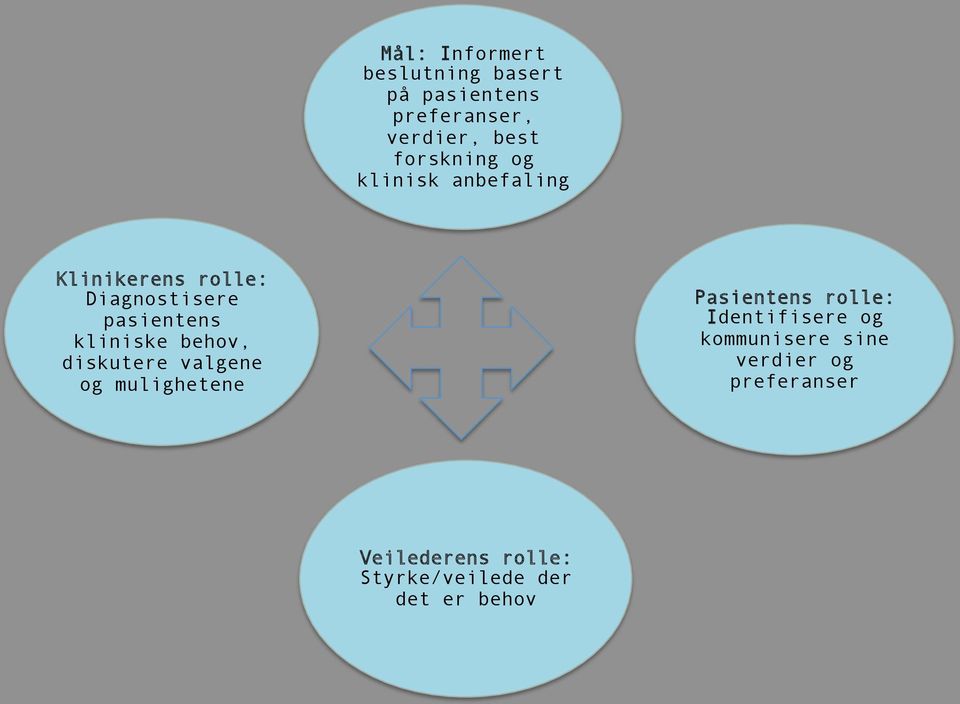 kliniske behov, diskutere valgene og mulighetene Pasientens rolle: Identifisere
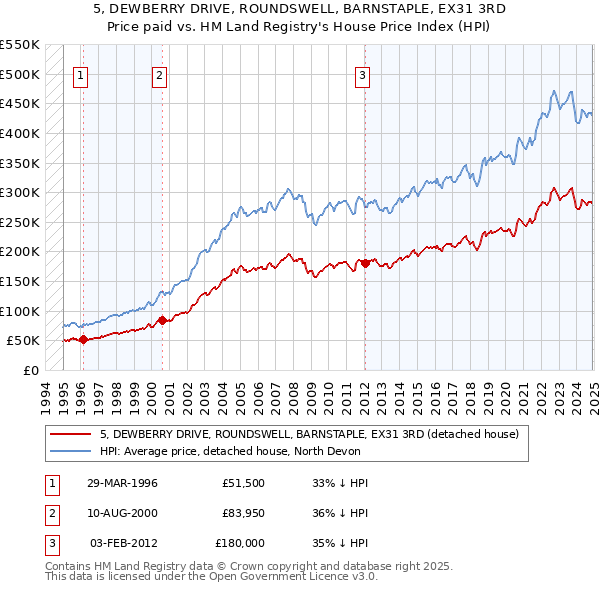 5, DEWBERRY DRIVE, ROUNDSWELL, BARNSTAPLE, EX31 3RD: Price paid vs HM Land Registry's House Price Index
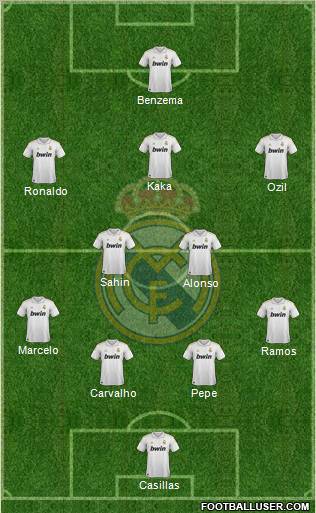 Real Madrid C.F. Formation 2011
::::
▸ Task prompt
Output the listing word for word. Drop the pictures.

▸ Completed task
 kliniske behov, diskutere valgene og mulighetene Pasientens rolle: Identifisere
 5, DEWBERRY DRIVE, ROUNDSWELL, BARNSTAPLE, EX31 3RD: Price paid vs HM Land Registry's House Price Index
 Real Madrid C.F. Formation 2011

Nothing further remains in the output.